Eddie Williams has been under the radar this preseason.
And that makes him the antithesis of Mike Sellers, the big, burly fullback who makes his presence known every chance he gets.
Williams, the Redskins' seventh-round draft pick last April, made his debut in training camp after rehabbing a knee ligament injury all offseason.
Since then, Williams has quietly gone about the business of learning to play fullback at the NFL level.
"I'm really just happy to be here," he said. "It has been a long process just to get my knee healthy. I wasn't able to do much in OTAs, so I felt like I had to catch up a little bit.
"Everybody in the meeting rooms--they're ahead of me. I'm in my playbook constantly and I'm in the coach's office trying to figure things out."
Playing with the Redskins' second-team offense, Williams has figured enough out to catch two passes for 13 yards in three preseason contests.
Not a huge statistical output, but enough to make an impression and show that he is recovered from the knee injury. He continues to wear a knee brace for support.
Williams, 6-1 and 249 pounds, is expected to get more playing time in this Thursday's preseason game at Jacksonville.
Williams said he wants to model himself after Sellers, the Redskins' 6-3, 273-pound fullback who has played in Washington for nine of his 10 NFL seasons.
"Learning from Big Mike is a big advantage for me, just watching him block and move around," Williams said. "It would be great to just learn from him for a few years. Basically I want to model myself after his game and add to it with what I can do, making catches and playing receiver."
Williams understands that he's a long shot to make the 53-man roster at this point. Last year, the Redskins kept just one fullback on the roster.

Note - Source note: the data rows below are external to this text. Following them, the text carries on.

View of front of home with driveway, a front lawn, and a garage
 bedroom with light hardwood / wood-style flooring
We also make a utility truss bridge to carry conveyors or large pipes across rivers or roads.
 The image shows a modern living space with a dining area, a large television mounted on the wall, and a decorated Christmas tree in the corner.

He could be a practice squad possibility if he does not make the final 53.
Coaches and personnel officials liked Williams' versatility in college. At Idaho, Williams played fullback, tight end and H-back, catching 100 passes for 1,205 yards and 11 touchdowns.

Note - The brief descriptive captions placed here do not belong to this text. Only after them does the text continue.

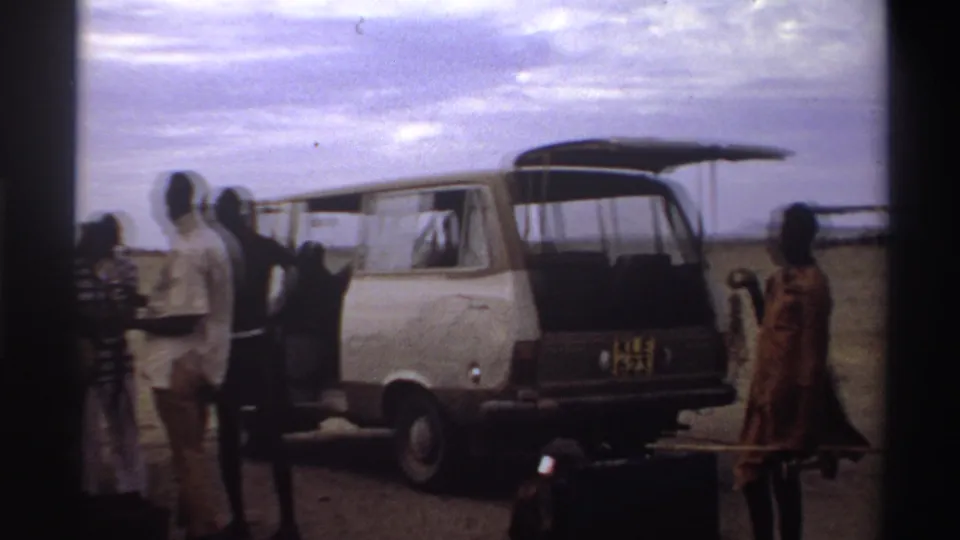 At a Nigeria airstrip in 1969, travelers stand by an open white van as another person carries luggage across the foreground.
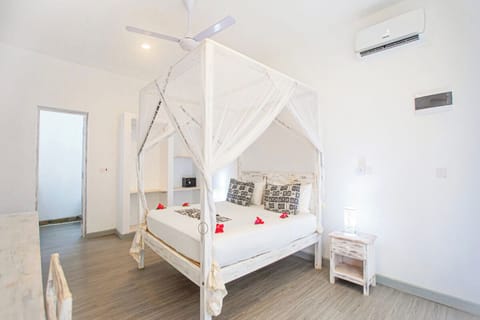 Refresh in a cool, airy room designed for deep sleep.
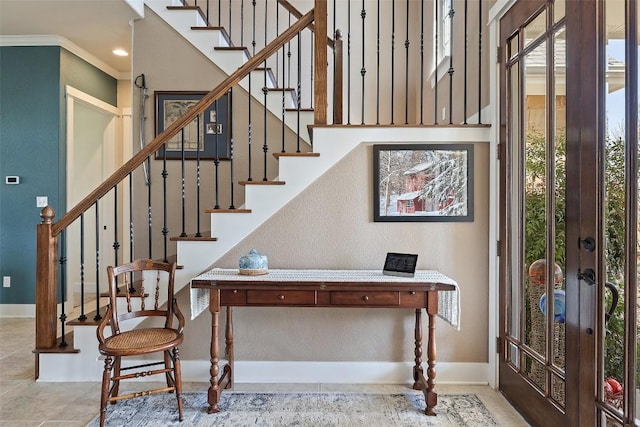 tiled entryway featuring stairway, baseboards, and french doors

"We hope that he can be an active player on special teams, watching Mike play fullback, and then get him in where we can," Jim Zorn said during training camp. "Right now what he has to do is to just keep going.
"He's athletic, football savvy. He played a lot of different positions in college, he played tight end and fullback and they lined him up split."
Williams describes himself as a pass-catching fullback and admits that he needs to work on his skills as a runner. He had 19 rushes for 195 yards and three touchdowns at Idaho.
"I haven't come out of the backfield a lot as a runner," he said. "I ran quite a few reverses in college, but that's not playing running back or fullback. It's something I need to improve on."
No matter what happens when it comes time for roster decisions, Williams said he was grateful to be drafted by the Redskins.
He suffered his knee injury in Idaho's last game of the 2008 college football season and it was uncertain if he would be drafted at all.
"I viewed it as a challenge," he said. "I took it as that rather than be depressed about it. I worked hard and I felt lucky to even be drafted. It wasn't a surprise, because I knew some teams were interested in me, but it was definitely a blessing."